Since this issue was never raised in the trial court by objection or otherwise, it may not be raised for the first time in this court. We do not find that these incidents can possibly achieve the status of plain error. (People v. Howell (1975), 60 Ill. 2d 117, 120-21, 324 N.E.2d 403; People v. Osborn (1977), 53 Ill. App. 3d 312, 319, 368 N.E.2d 608, appeal denied (1978), 71 Ill. 2d 600, and cases there cited.) We reject the argument that counsel for defendant Finley was in a “weak position” to object if he thought that an objection should be made. We conclude that this issue has been waived.
If the matter should be considered on the merits, in our opinion, the authorities cited by defendant Finley in this regard are completely unconvincing. In People v. Pumphrey (1977), 51 Ill. App. 3d 94, 366 N.E.2d 433, this court dealt with a situation in which both defendant and his wife were cross-examined extensively regarding use of assumed names. The defendant denied that he had used other names. In rebuttal, the State put in evidence certified copies of previous convictions of defendant while using different names. These tactics thus became one of the principal features of the State’s case.

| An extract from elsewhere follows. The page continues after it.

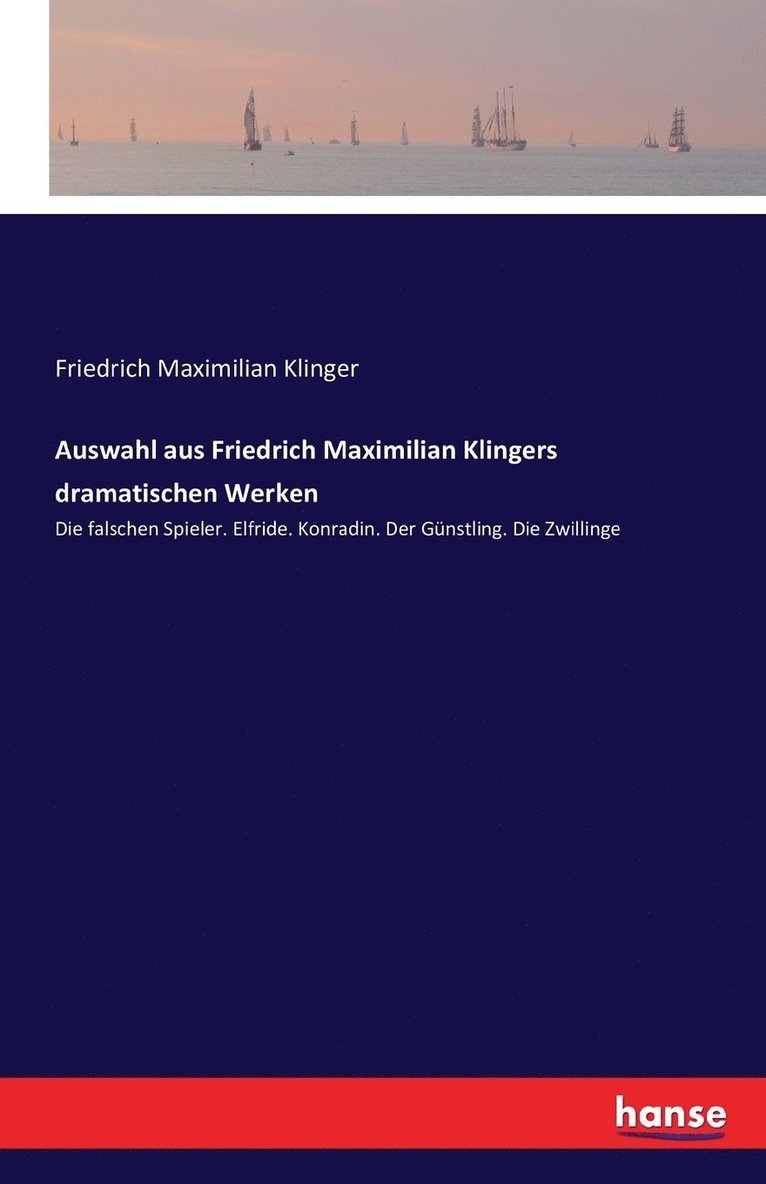 Auswahl aus Friedrich Maximilian Klingers dramatischen Werken 1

In People v. DeHoyos (1976), 64 Ill. 2d 128, 355 N.E.2d 19, the trial court permitted extensive examination of a person whose advice defendant had sought and in whose home defendant had stayed for several days immediately after commission of the crime. The examination not only concentrated on the past conviction of the witness for sale of *101narcotics but went into the sentence and the length of time he had actually spent in prison. The supreme court held that this was reversible error.
In the case before us, the allusion to use by defendant of another name was limited to mention of this fact to prospective jurors. Also, there was a casual reference by the prosecutor on two occasions during trial to the use of another name by defendant Laney. The word alias was never used and no reason was shown for use of the other name. We find no reversible error in this regard.
On cross-examination of defendant Finley, the prosecutor asked, “Q. Mr. Finley, where were you working on September 24, 1976?” Counsel for Finley objected on the ground that the question was beyond the scope of the direct examination and was irrelevant. The trial court overruled this objection. Defendant Finley then responded, “I wasn’t working.” The defendant now urges that this testimony was improper because it played upon social prejudices. After giving due consideration to this evidence, we cannot agree that it constituted reversible error. No authority is cited by defendant in support of this position and we are aware of none.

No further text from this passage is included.